Top of Material provided

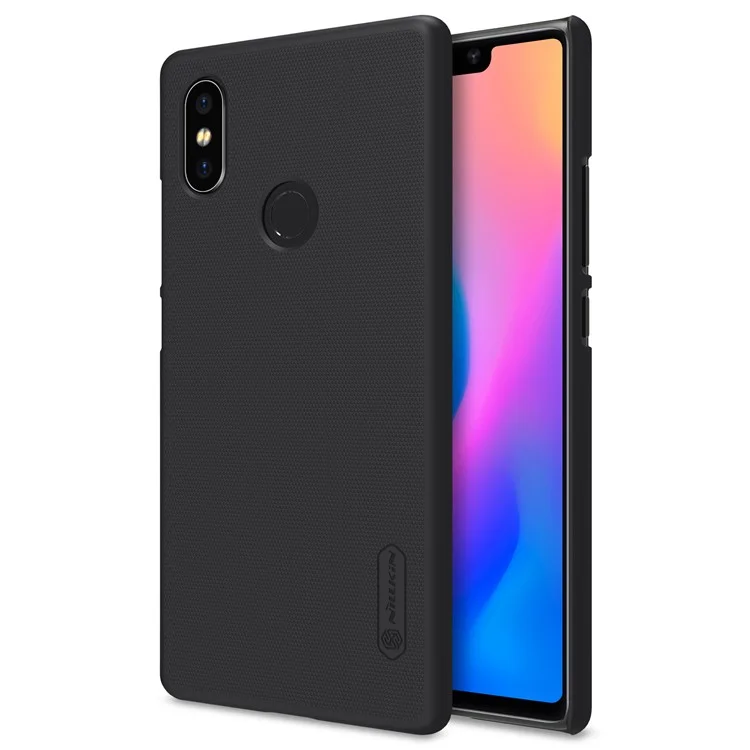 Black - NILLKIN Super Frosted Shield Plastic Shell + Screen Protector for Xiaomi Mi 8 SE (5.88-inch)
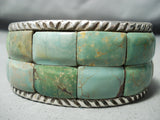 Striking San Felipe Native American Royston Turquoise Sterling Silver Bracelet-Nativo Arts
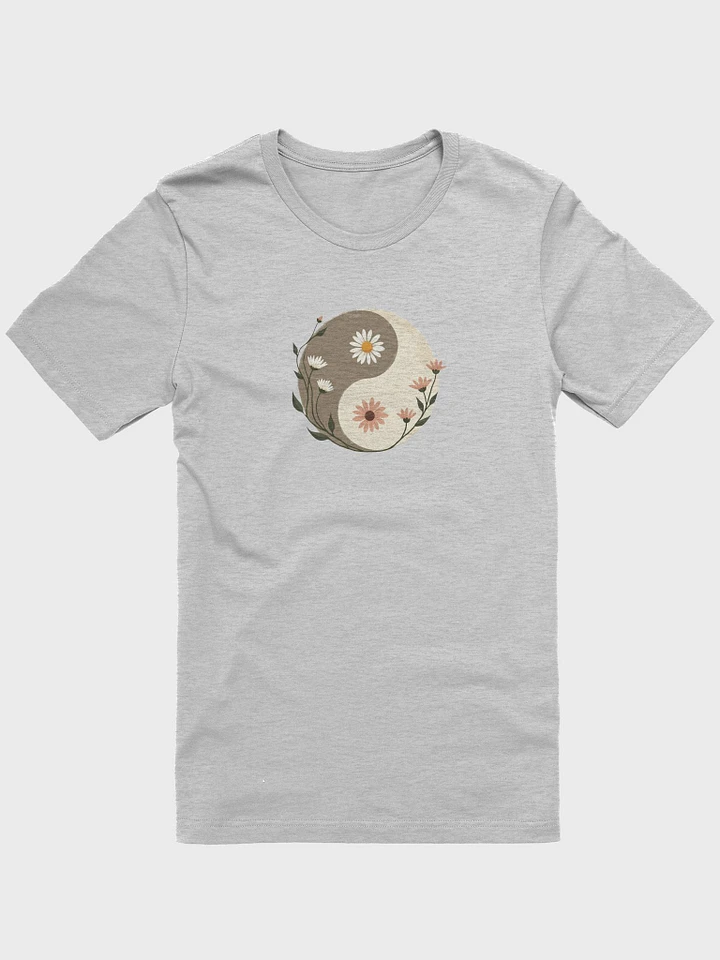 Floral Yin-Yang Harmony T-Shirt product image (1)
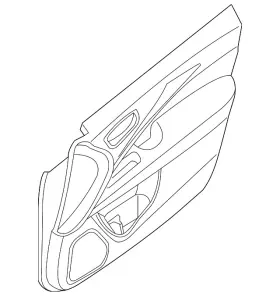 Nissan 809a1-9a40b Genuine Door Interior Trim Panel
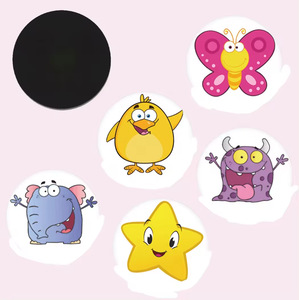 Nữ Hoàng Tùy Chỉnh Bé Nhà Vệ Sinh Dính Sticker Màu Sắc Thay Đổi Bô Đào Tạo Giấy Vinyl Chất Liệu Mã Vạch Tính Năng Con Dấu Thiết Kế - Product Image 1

Bottom of Material provided

Work to be completed:
I would like the data above transcribed exactly, with its pictures left out.

Task output:
 Black - NILLKIN Super Frosted Shield Plastic Shell + Screen Protector for Xiaomi Mi 8 SE (5.88-inch)
 Striking San Felipe Native American Royston Turquoise Sterling Silver Bracelet-Nativo Arts
 Floral Yin-Yang Harmony T-Shirt product image (1)
 Nissan 809a1-9a40b Genuine Door Interior Trim Panel
 Nữ Hoàng Tùy Chỉnh Bé Nhà Vệ Sinh Dính Sticker Màu Sắc Thay Đổi Bô Đào Tạo Giấy Vinyl Chất Liệu Mã Vạch Tính Năng Con Dấu Thiết Kế - Product Image 1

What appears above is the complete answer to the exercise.